- Work item -
Give the data again exactly, without images.

- Data -
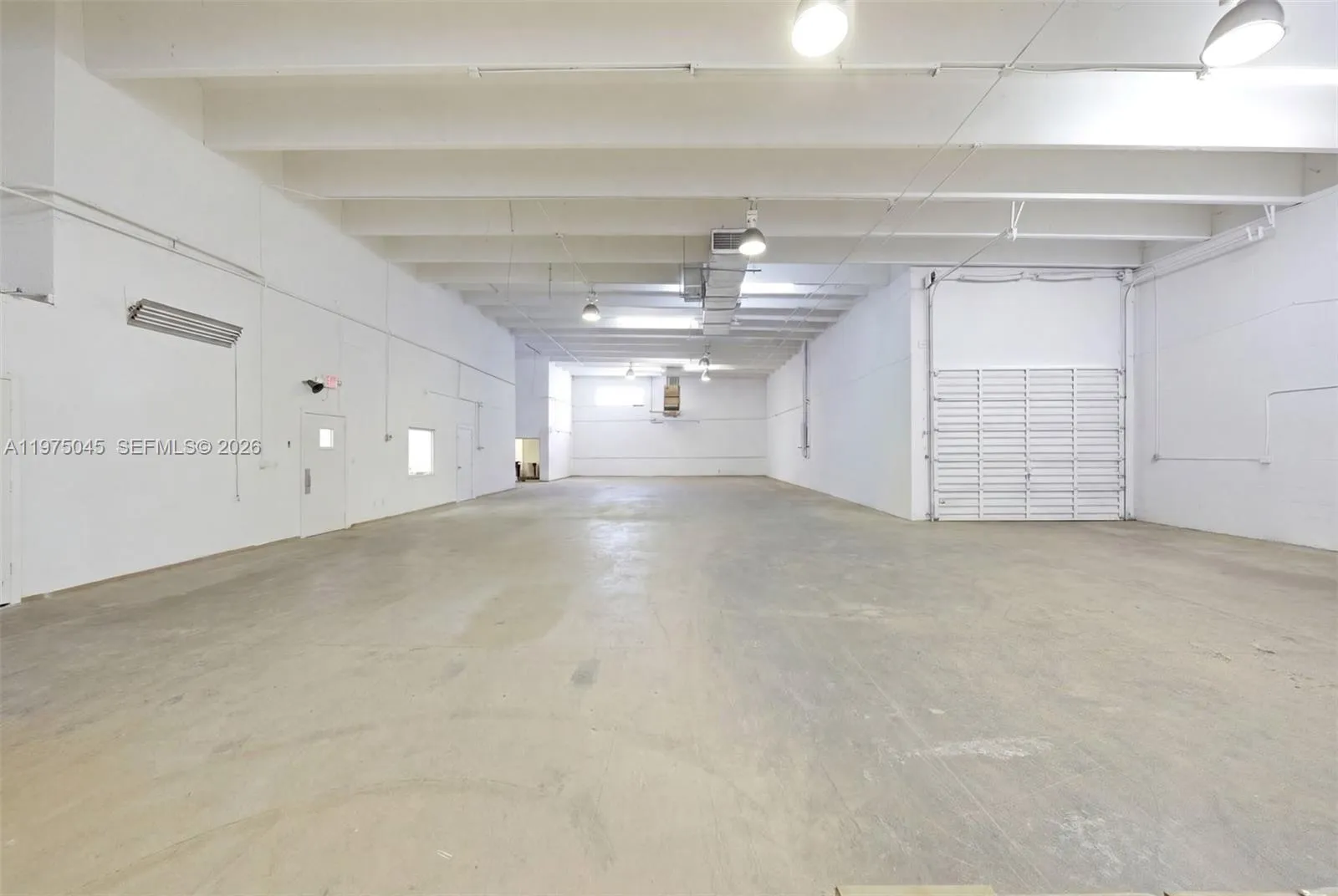 Images digitally cleared for illustrative purposes.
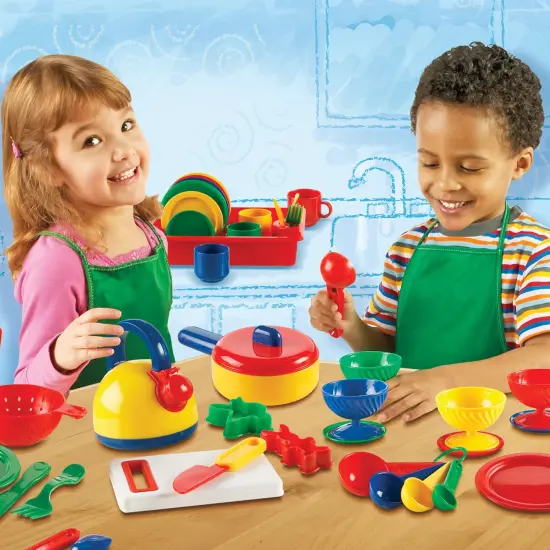 Pretend & Play&reg; Kitchen Set {3}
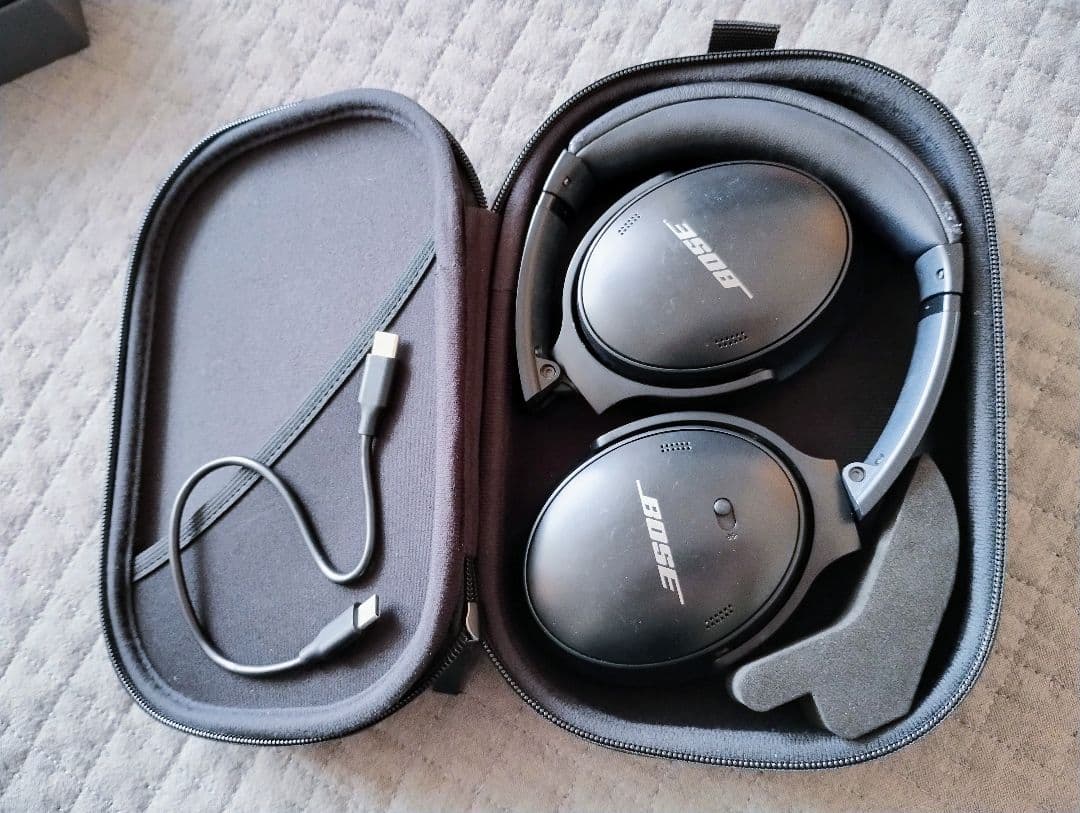 BOSE QuietComfort 45 ノイズキャンセリング ヘッドホン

- Answer below -
 Images digitally cleared for illustrative purposes.
 Pretend & Play&reg; Kitchen Set {3}
 BOSE QuietComfort 45 ノイズキャンセリング ヘッドホン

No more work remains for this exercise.